(Activity):
Copy, without a single change, each line from the one that holds "巩立姣退役后寄语奥运冠军 中国铅球新人接班已到关键时刻" to the bottom of the entries below, and drop any pictures.

[Opening Material provided section]

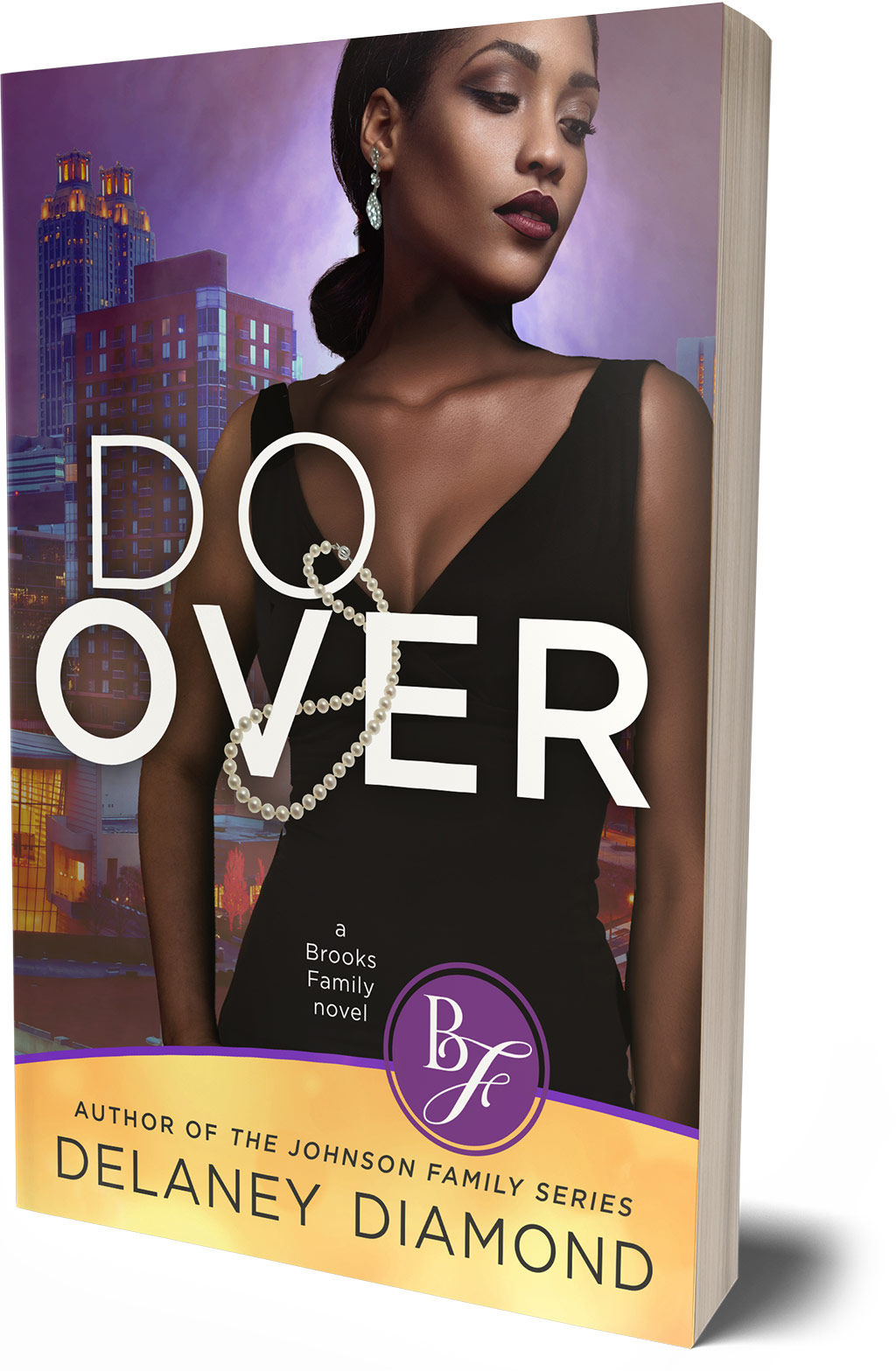 Do Over, The Brooks Family Book 3, by Delaney Diamond
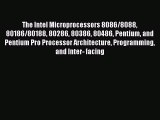 [PDF] The Intel Microprocessors 8086/8088 80186/80188 80286 80386 80486 Pentium and Pentium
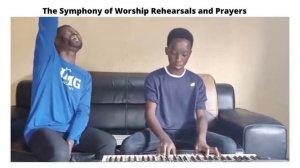 Symphony of Worship (Rehearsals with Robert King) - Godwin KingThompson Obi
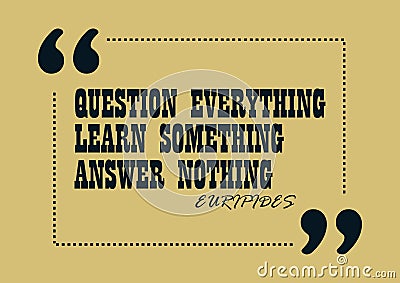 Question everything Euripides. Inspirational quote Business style card Vector Illustration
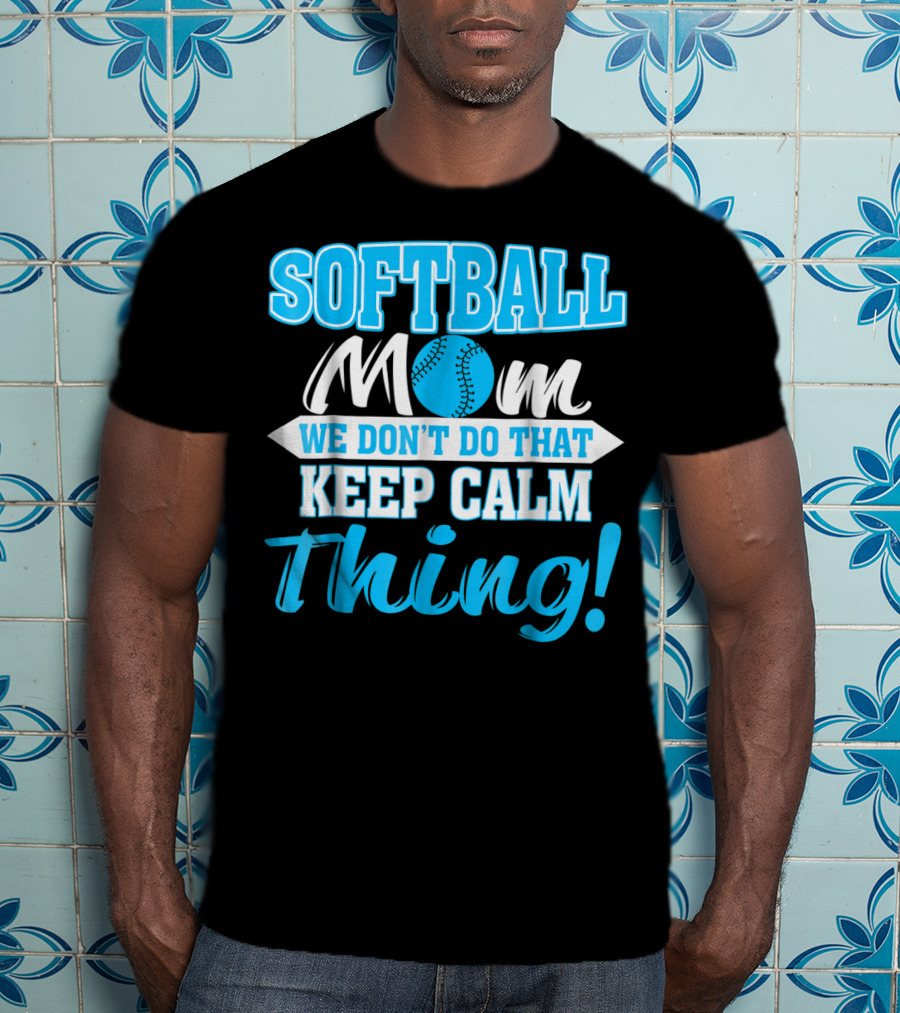 Softball Mom We Don't Do That Keep Calm Thing T-Shirt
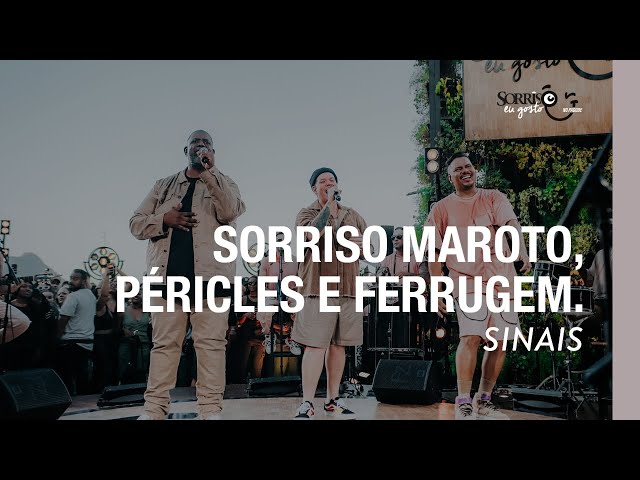 Download Sinais (feat. Ferrugem, Péricles) - Sorriso Maroto
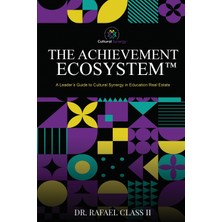 Step Kitap The Achievement Ecosystem™: A Leader's Guide To Cultural Synergy In Education Real Estate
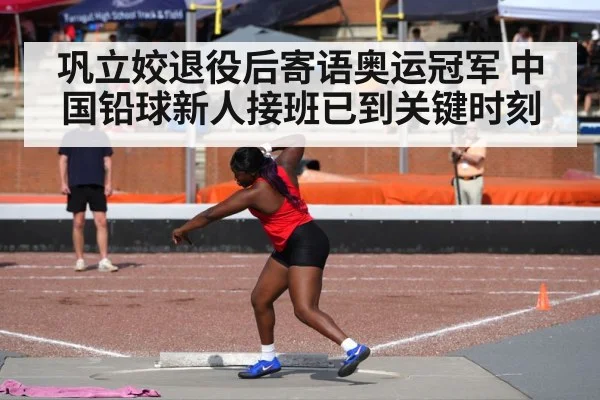 巩立姣退役后寄语奥运冠军 中国铅球新人接班已到关键时刻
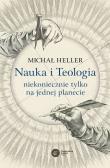 NAUKA I TEOLOGIA DLACZEGO TYLKO NA JEDNEJ PLANECIE. Autor: Michał Heller. Dadada.pl Okładka książki NAUKA I TEOLOGIA DLACZEGO TYLKO NA JEDNEJ PLANECIE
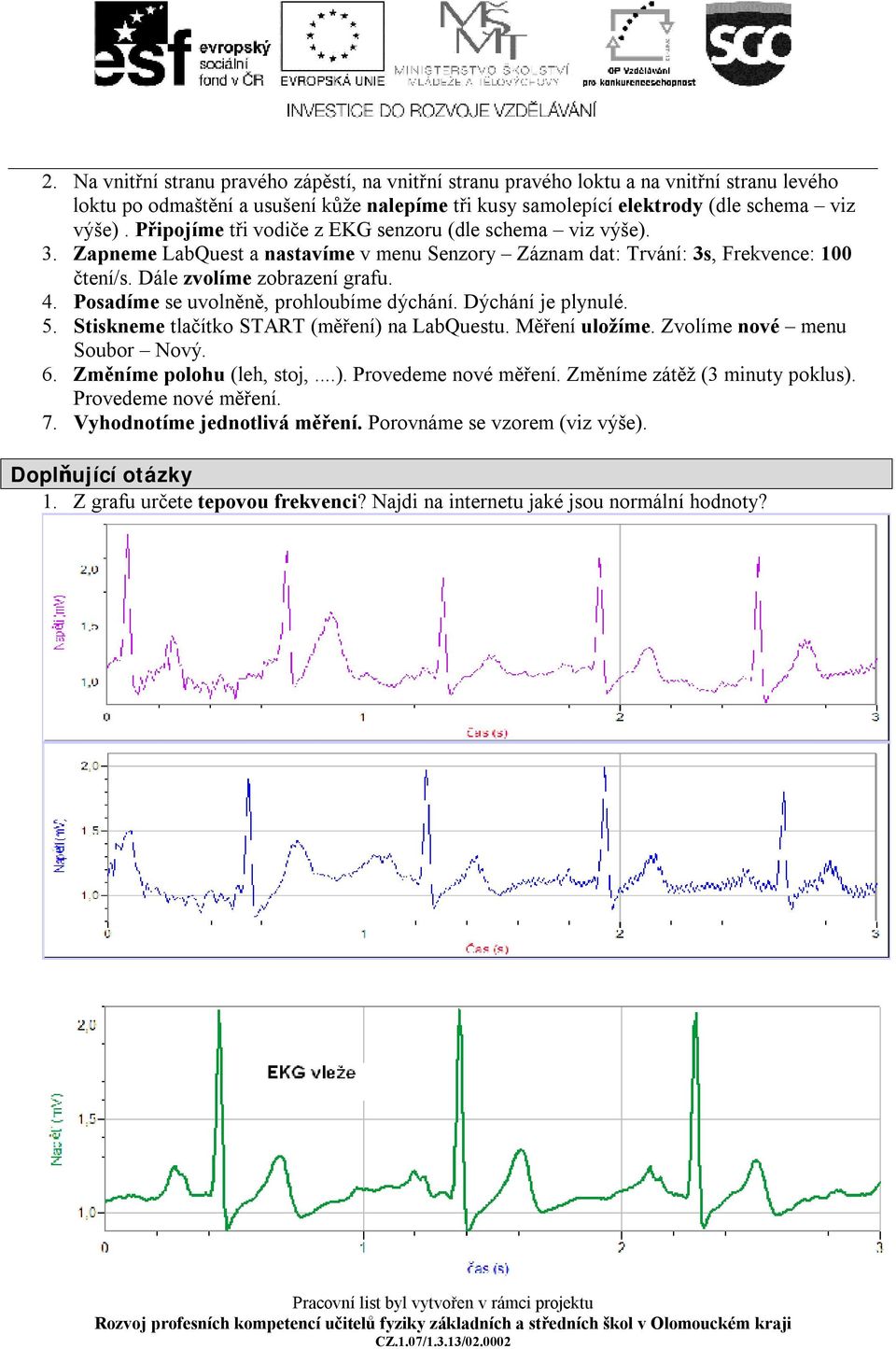 Posadíme se uvolněně, prohloubíme dýchání. Dýchání je plynulé. 5. Stiskneme tlačítko START (měření) na LabQuestu. Měření uložíme. Zvolíme nové menu Soubor Nový. 6. Změníme polohu (leh, stoj,...). Provedeme nové měření.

[Closing Material provided section]

(Result below):
 巩立姣退役后寄语奥运冠军 中国铅球新人接班已到关键时刻
 NAUKA I TEOLOGIA DLACZEGO TYLKO NA JEDNEJ PLANECIE. Autor: Michał Heller. Dadada.pl Okładka książki NAUKA I TEOLOGIA DLACZEGO TYLKO NA JEDNEJ PLANECIE
 Posadíme se uvolněně, prohloubíme dýchání. Dýchání je plynulé. 5. Stiskneme tlačítko START (měření) na LabQuestu. Měření uložíme. Zvolíme nové menu Soubor Nový. 6. Změníme polohu (leh, stoj,...). Provedeme nové měření.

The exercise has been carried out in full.